● About this task: Each line below from the line with "Tuyền Nguyễn Profile Picture" to the line with "Abraham Lincoln Birthplace" must be copied exactly, including those two, and no picture may appear in the copy.

● Data for review:
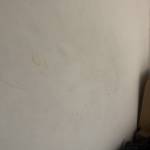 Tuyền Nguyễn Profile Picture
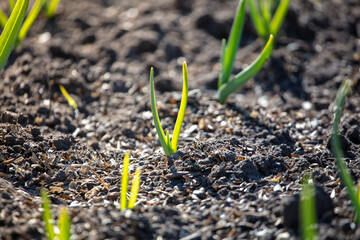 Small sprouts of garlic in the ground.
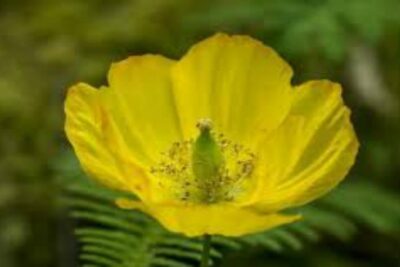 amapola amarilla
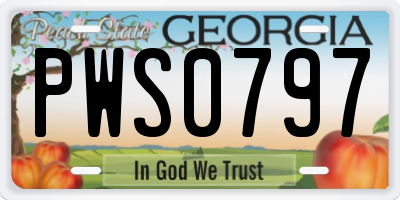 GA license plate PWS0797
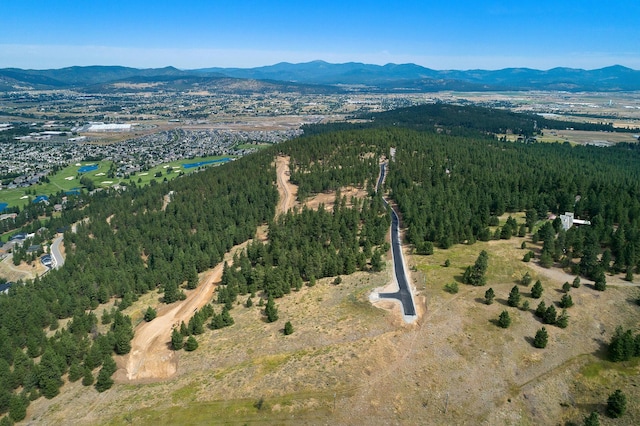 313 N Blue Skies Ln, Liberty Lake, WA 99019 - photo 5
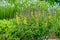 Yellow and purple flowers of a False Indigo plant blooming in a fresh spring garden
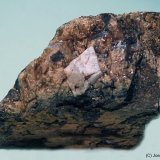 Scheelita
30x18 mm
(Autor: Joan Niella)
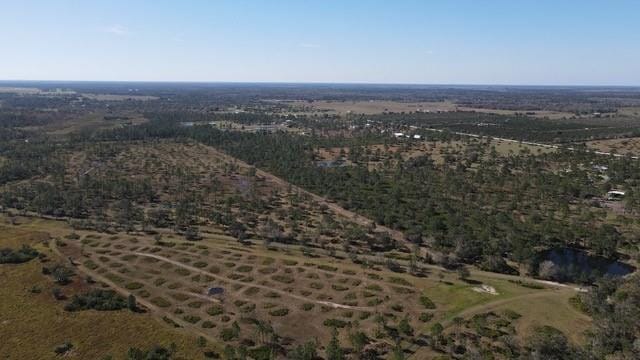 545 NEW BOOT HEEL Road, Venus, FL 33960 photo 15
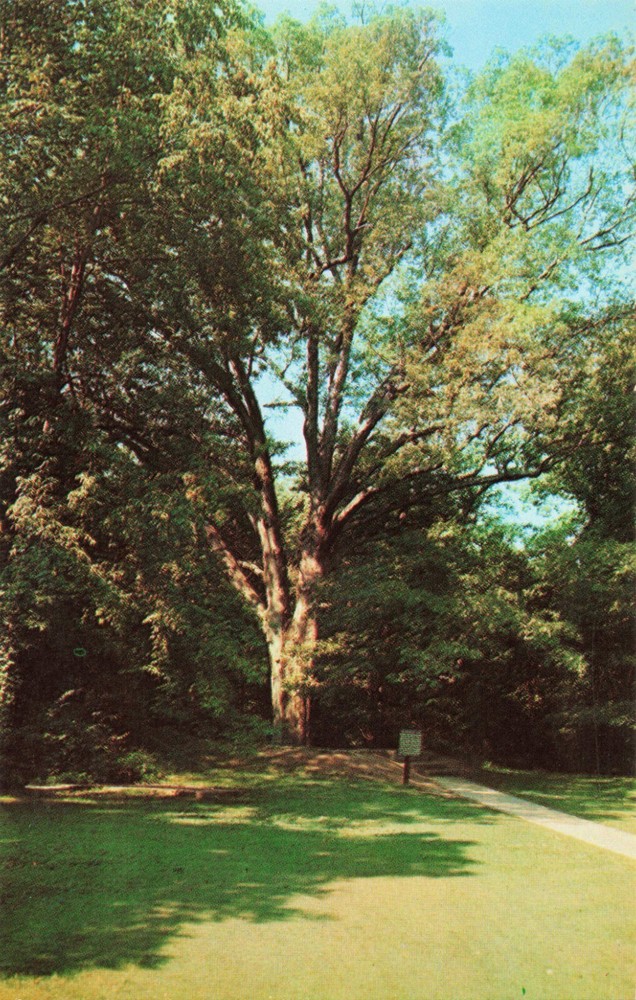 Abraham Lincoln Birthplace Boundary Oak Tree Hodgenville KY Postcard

--

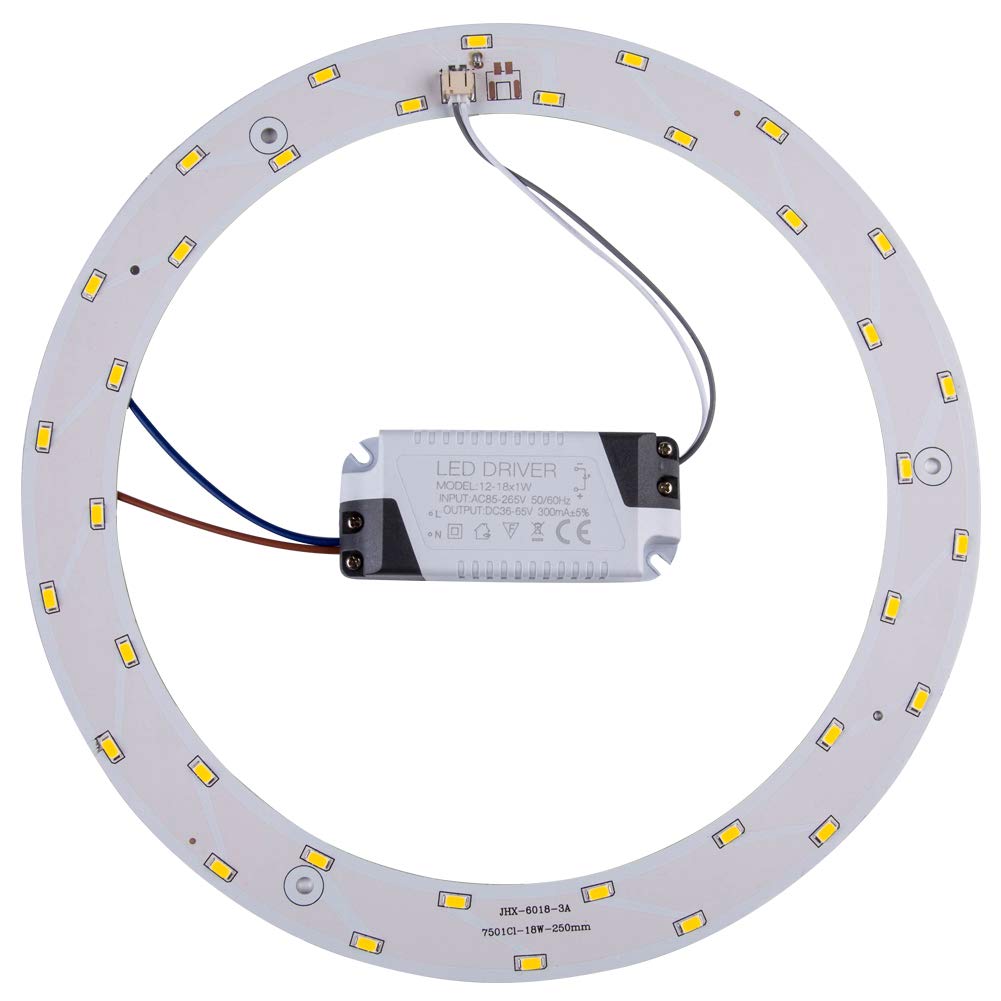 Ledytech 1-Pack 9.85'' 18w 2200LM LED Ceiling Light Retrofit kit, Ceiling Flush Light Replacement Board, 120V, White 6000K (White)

● Your response:
 Tuyền Nguyễn Profile Picture
 Small sprouts of garlic in the ground.
 amapola amarilla
 GA license plate PWS0797
 313 N Blue Skies Ln, Liberty Lake, WA 99019 - photo 5
 Yellow and purple flowers of a False Indigo plant blooming in a fresh spring garden
 Scheelita
30x18 mm
(Autor: Joan Niella)
 545 NEW BOOT HEEL Road, Venus, FL 33960 photo 15
 Abraham Lincoln Birthplace Boundary Oak Tree Hodgenville KY Postcard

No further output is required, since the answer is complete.